Please write out exactly the lines from the one with "Beautiful girl in" through the end of the data below, both ends included, and omit any pictures.

(Stored data)
-=-=-=-=-

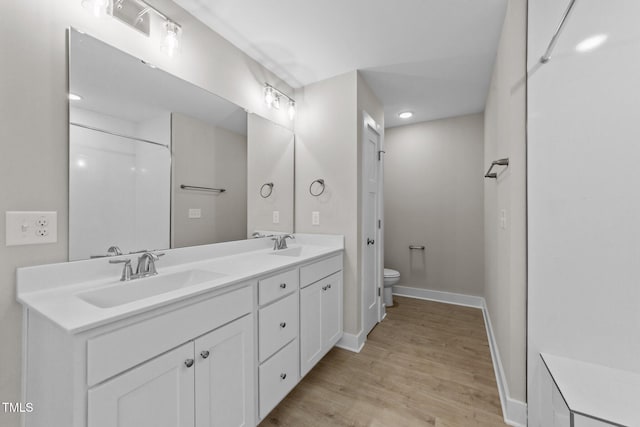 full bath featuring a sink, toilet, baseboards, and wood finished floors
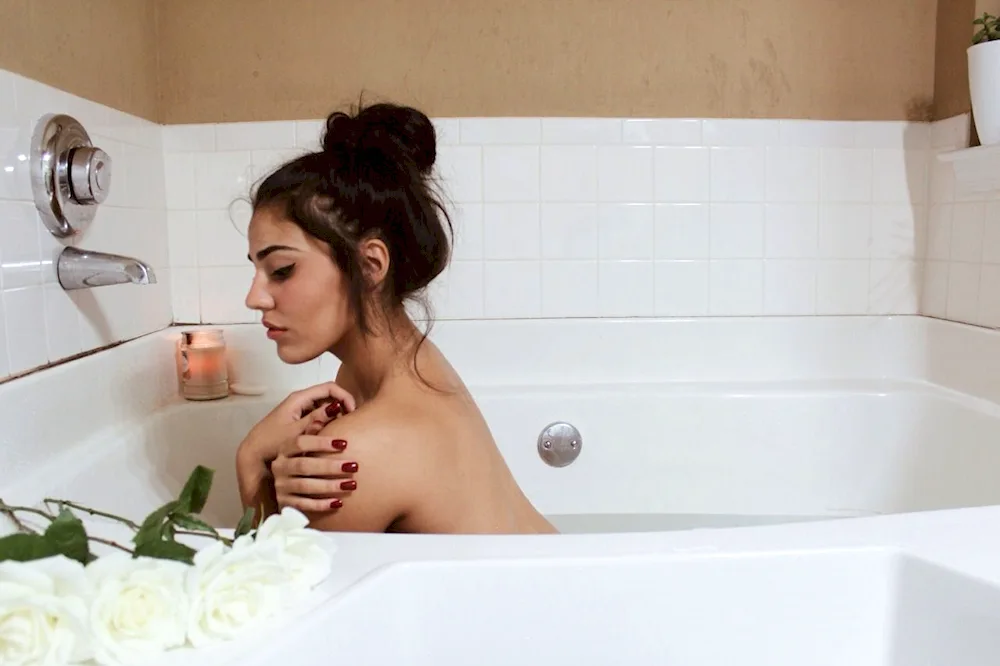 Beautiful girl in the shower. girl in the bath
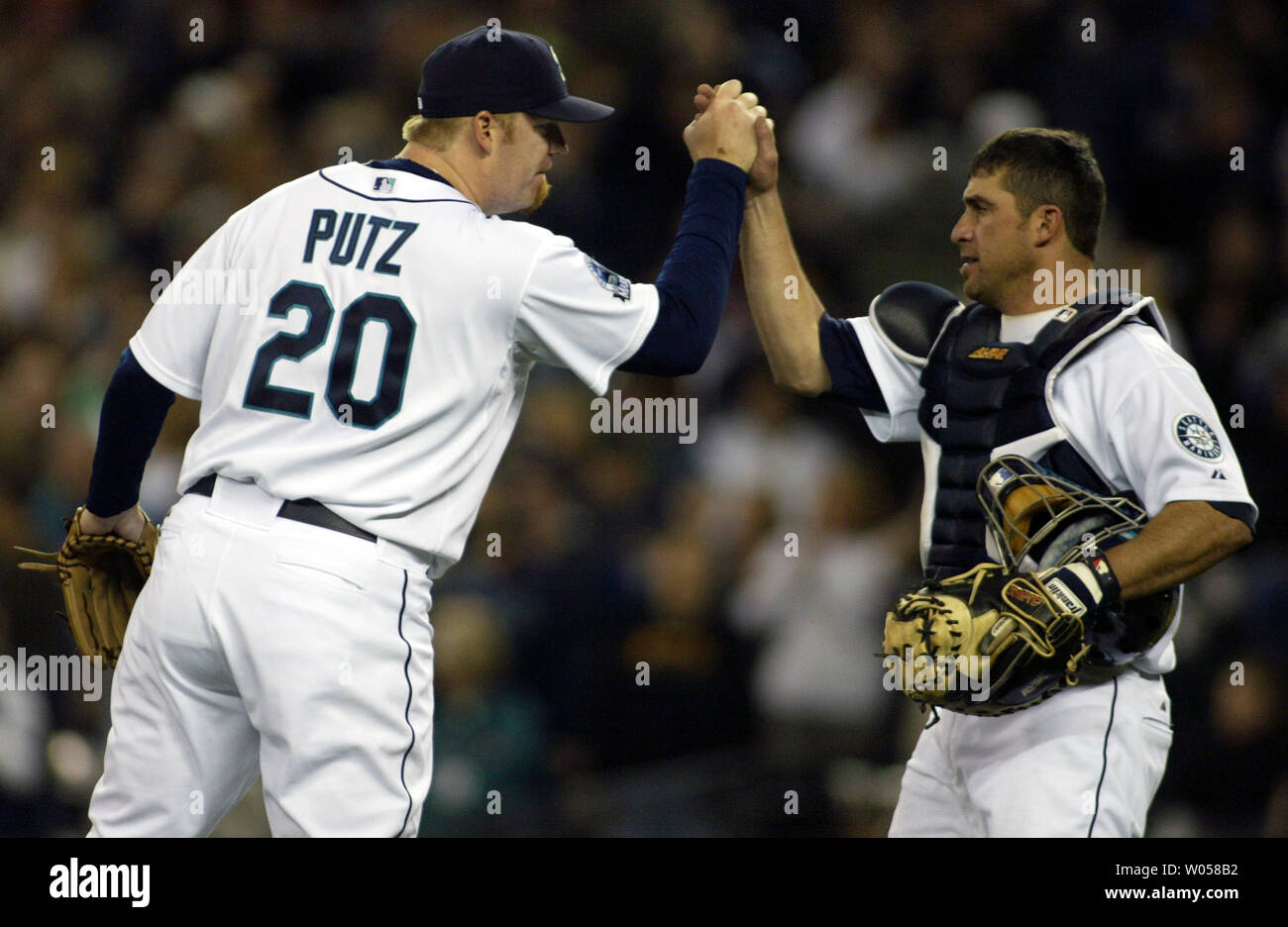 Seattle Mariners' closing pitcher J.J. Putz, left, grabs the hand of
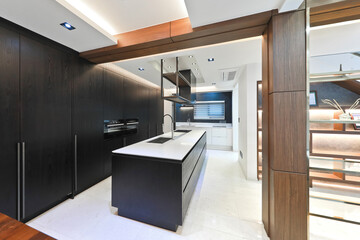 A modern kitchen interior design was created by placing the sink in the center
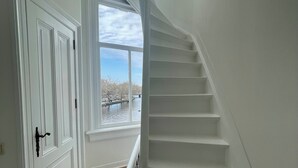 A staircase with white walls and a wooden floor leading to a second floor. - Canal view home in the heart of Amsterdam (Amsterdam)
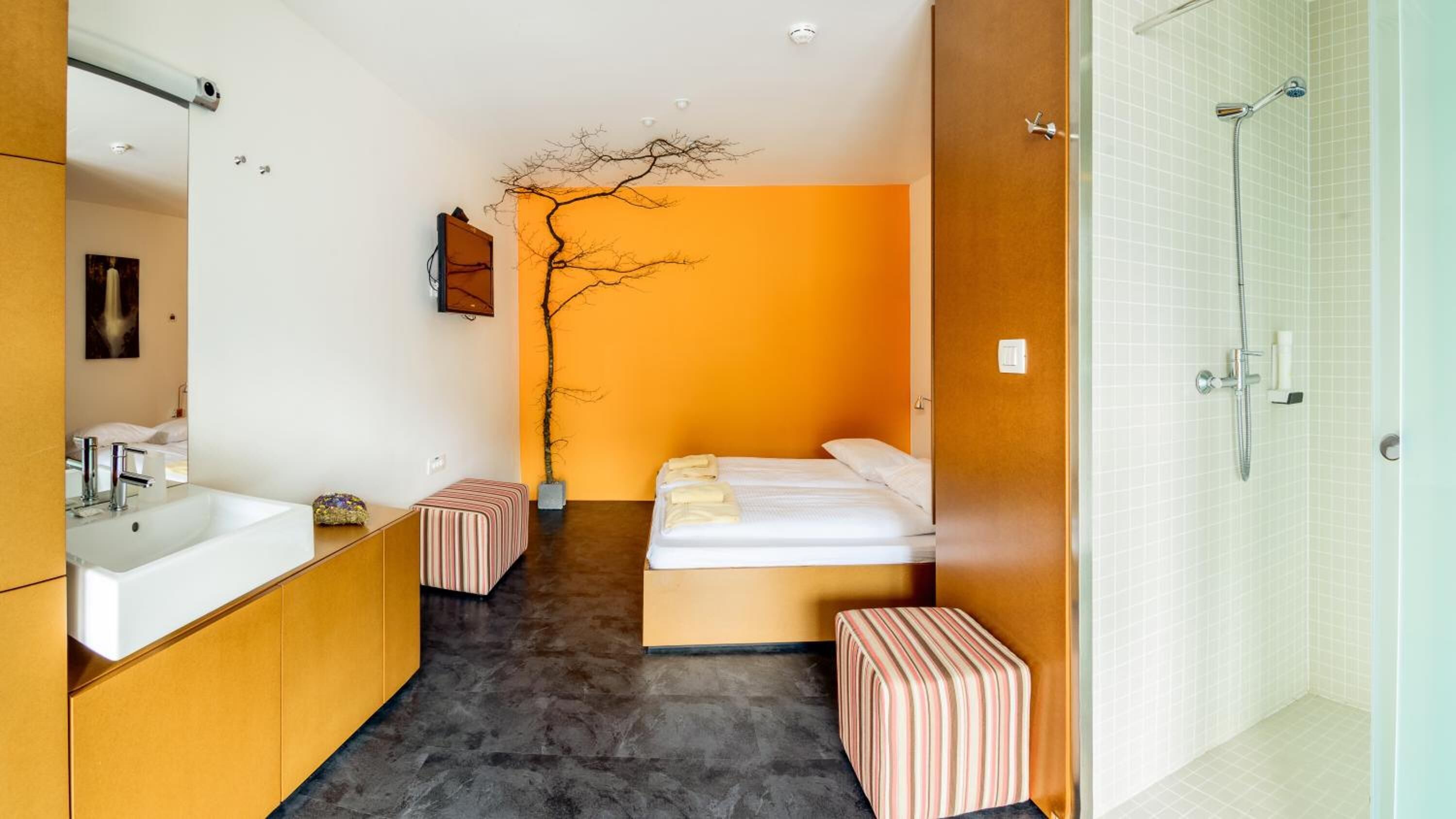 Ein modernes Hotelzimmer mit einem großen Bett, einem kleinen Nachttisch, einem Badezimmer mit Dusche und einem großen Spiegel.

-=-=-=-=-

_FINISHED TASK_:
 Beautiful girl in the shower. girl in the bath
 Seattle Mariners' closing pitcher J.J. Putz, left, grabs the hand of
 A modern kitchen interior design was created by placing the sink in the center
 A staircase with white walls and a wooden floor leading to a second floor. - Canal view home in the heart of Amsterdam (Amsterdam)
 Ein modernes Hotelzimmer mit einem großen Bett, einem kleinen Nachttisch, einem Badezimmer mit Dusche und einem großen Spiegel.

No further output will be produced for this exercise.